November 07, 2011 - by deirdrebstraughan
Part 1 of 5 on Examining File System Latency in Production, by Brendan Gregg, Lead Performance Engineer at Joyent and author with Jim Mauro of “DTrace: Dynamic Tracing in Oracle Solaris, Mac OS X and FreeBSD”
When examining system performance problems, we commonly point the finger of blame at the system disks by observing disk I/O. This is a bottom-up approach to performance analysis: starting with the physical devices and moving up through the software stack. Such an approach is standard for system administrators, who are responsible for these physical devices.
To understand the impact of I/O performance on applications, however, file systems can prove to be a better target for analysis than disks. Because modern file systems use more DRAM-based cache and perform more asynchronous disk I/O, the performance perceived by an application can be very different from what’s happening on disk. I’ll demonstrate this by examining the I/O performance of a MySQL database at both the disk and file system level.
We will first discuss the commonly-used approach, disk I/O analysis using iostat(1M), then turn to file system analysis using DTrace.
When trying to understand how disk I/O affects application performance, analysis has historically focused on the performance of storage-level devices: the disks themselves. This includes the use of tools such as iostat(1M), which prints various I/O statistics for disk devices. System administrators either run iostat(1M) directly at the command line, or use it via another interface. Some monitoring software (e.g., munin) will use iostat(1M) to fetch the disk statistics which they then archive and plot.
Here is an iostat(1M) screenshot from a Solaris-based system running a MySQL database, as well as other applications (some extraneous output lines trimmed):
# iostat -xnz 1 10 extended device statistics r/s w/s kr/s kw/s wait actv wsvc_t asvc_t %w %b device 1.1 33.8 78.8 1208.1 0.0 1.0 0.0 27.8 0 4 c0t1d0 r/s w/s kr/s kw/s wait actv wsvc_t asvc_t %w %b device 175.4 0.0 22449.9 0.0 0.0 1.1 0.0 6.1 0 82 c0t1d0 r/s w/s kr/s kw/s wait actv wsvc_t asvc_t %w %b device 106.1 379.2 13576.5 22036.7 0.0 2.4 0.0 4.9 0 85 c0t1d0 r/s w/s kr/s kw/s wait actv wsvc_t asvc_t %w %b device 139.9 0.0 17912.6 0.0 0.0 1.0 0.0 6.8 0 82 c0t1d0 r/s w/s kr/s kw/s wait actv wsvc_t asvc_t %w %b device 176.1 0.0 22538.0 0.0 0.0 1.0 0.0 5.7 0 85 c0t1d0 r/s w/s kr/s kw/s wait actv wsvc_t asvc_t %w %b device 208.0 0.0 26619.9 0.0 0.0 1.9 0.0 9.2 0 99 c0t1d0 r/s w/s kr/s kw/s wait actv wsvc_t asvc_t %w %b device 208.0 0.0 26624.4 0.0 0.0 1.7 0.0 8.2 0 95 c0t1d0 r/s w/s kr/s kw/s wait actv wsvc_t asvc_t %w %b device 106.0 368.9 13566.1 26881.3 0.0 2.7 0.0 5.7 0 93 c0t1d0 r/s w/s kr/s kw/s wait actv wsvc_t asvc_t %w %b device 146.0 0.0 18691.3 0.0 0.0 0.9 0.0 6.4 0 88 c0t1d0 r/s w/s kr/s kw/s wait actv wsvc_t asvc_t %w %b device 84.2 0.0 10779.2 0.0 0.0 0.5 0.0 6.1 0 42 c0t1d0
These statistics show an average I/O service time (“asvc_t”) between 4.9 and 9.2 milliseconds and a percent busy (“%b”) rate, reaching 99% busy in one interval.

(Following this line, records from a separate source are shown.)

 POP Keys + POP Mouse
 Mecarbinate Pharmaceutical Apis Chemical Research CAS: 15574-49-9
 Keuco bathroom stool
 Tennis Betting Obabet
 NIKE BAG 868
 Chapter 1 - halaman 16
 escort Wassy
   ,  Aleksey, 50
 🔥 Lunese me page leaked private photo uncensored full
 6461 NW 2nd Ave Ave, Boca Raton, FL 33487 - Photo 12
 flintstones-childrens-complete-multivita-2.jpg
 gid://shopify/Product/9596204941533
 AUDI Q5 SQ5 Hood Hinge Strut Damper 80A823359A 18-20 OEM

The MySQL database on this server is suffering slow queries (longer than one second), and, based on the iostat(1M) output, you may be able to guess why – the disks. For an application, this looks like a horrible system to be running on.

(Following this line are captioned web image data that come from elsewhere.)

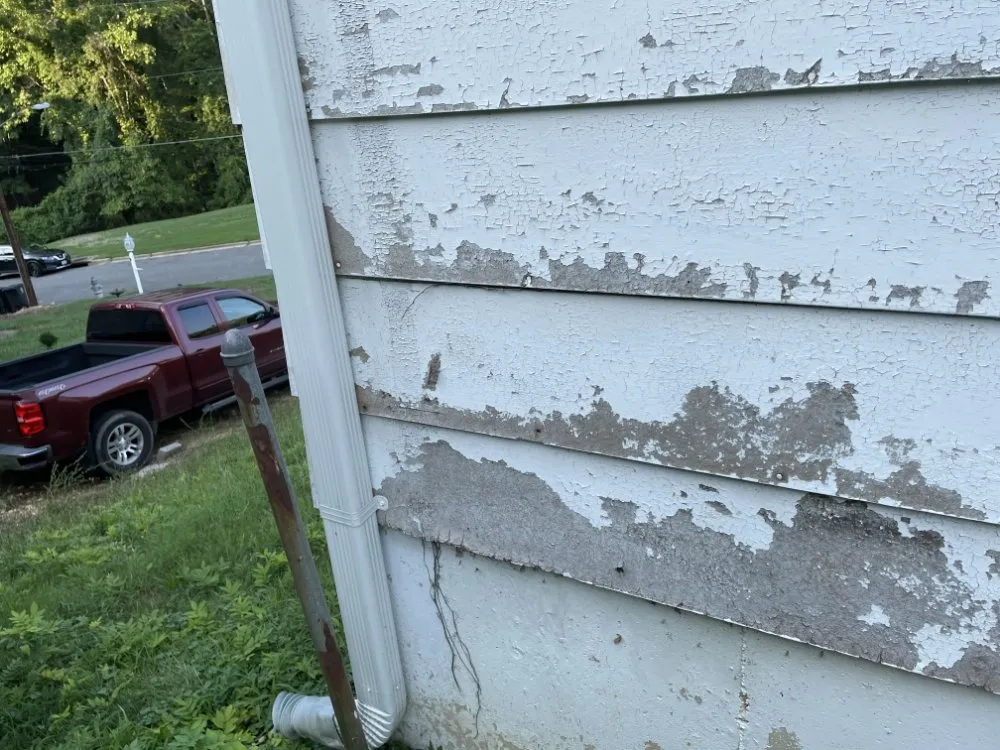 Slide of The Home Upgrade Hub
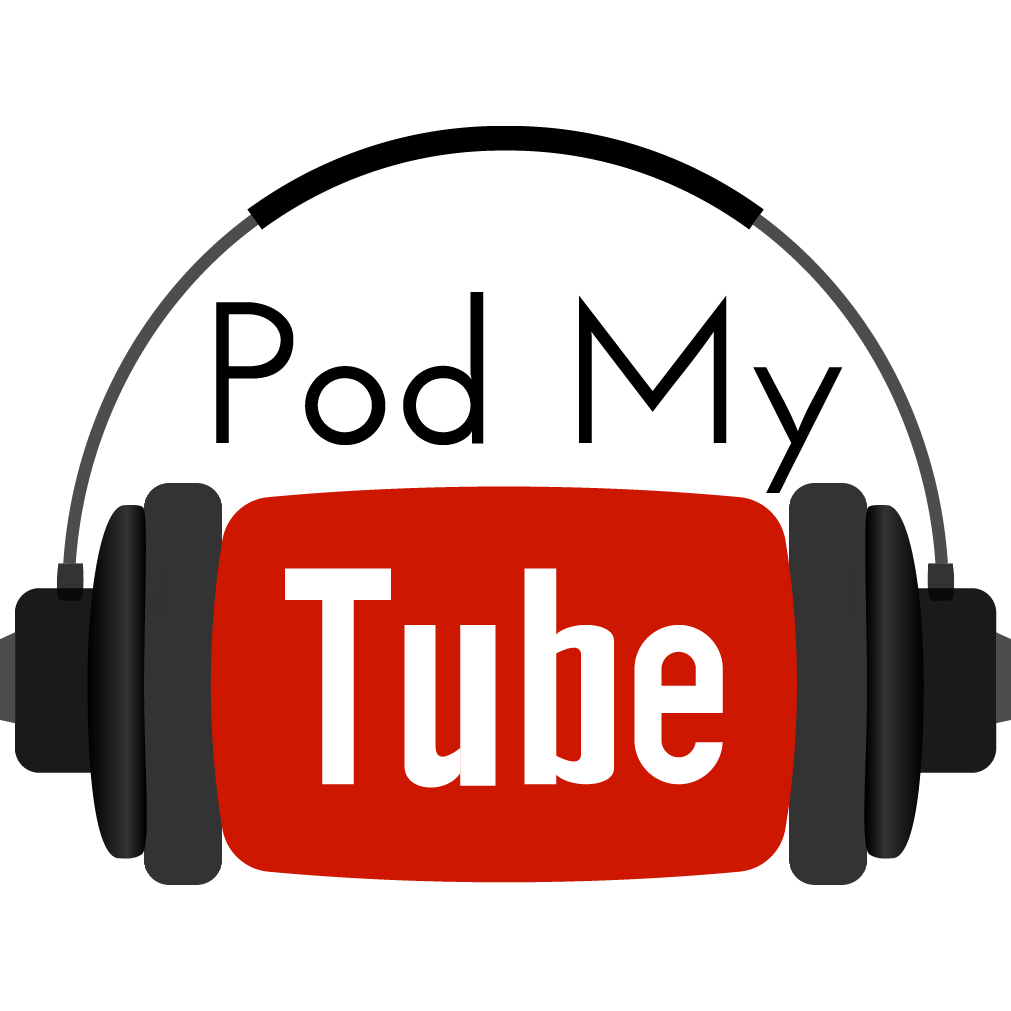 PodMyTube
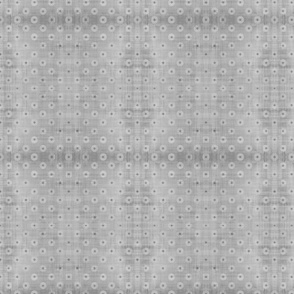 Grunge Dot_ chalk-sm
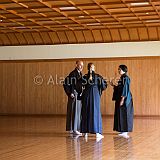 ASeminar_Tôkyô 20180427_0032 CPR.jpg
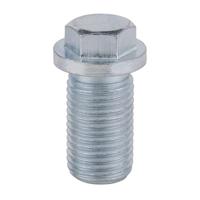 KS Tools 4302025 - thumbnail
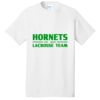 1-Hr RUSH NO MINIMUM Unisex T-Shirt Thumbnail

iostat(1M) shows disk-level performance.
iostat(1M) can be extremely useful, especially the “-x” form of output. However, from the application perspective it can be difficult to interpret and even misleading. Let’s look at some reasons why.
We’ll first examine a simple issue: the system shown above was running MySQL alongside other applications. So, the heavy disk I/O could be caused by – and/or affecting – some other application. What if MySQL was actually caching very well in DRAM and hardly using the disks, while a nightly backup process walked the entire file system, rattling the disks? You might see output like the above, with the slow MySQL queries caused by something else entirely.

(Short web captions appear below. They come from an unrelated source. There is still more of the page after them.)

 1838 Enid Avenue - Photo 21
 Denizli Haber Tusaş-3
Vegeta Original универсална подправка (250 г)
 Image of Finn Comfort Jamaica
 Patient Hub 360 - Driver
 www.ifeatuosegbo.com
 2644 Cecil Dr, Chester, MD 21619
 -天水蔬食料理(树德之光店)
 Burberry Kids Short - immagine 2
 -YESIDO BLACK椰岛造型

iostat(1M)’s disk I/O shows the impact of all processes, not just the one you have in mind.
I’ve worked this issue before, creating psio* and later iosnoop and iotop* to try to identify disk I/O by process and filename. But these tools don’t always succeed in identifying the process and file responsible for particular disk I/O, especially in the ZFS file system. This shortcoming is not easy to fix, leaving us wondering: should we be looking at the disks, or at something else? It helps here to consider all the components of the I/O stack.
Typically, applications are not performing I/O to the disks directly; rather, they do so via a file system. And file systems work hard to prevent applications from suffering disk I/O latency directly, for example by using DRAM to buffer writes, and to cache and prefetch reads.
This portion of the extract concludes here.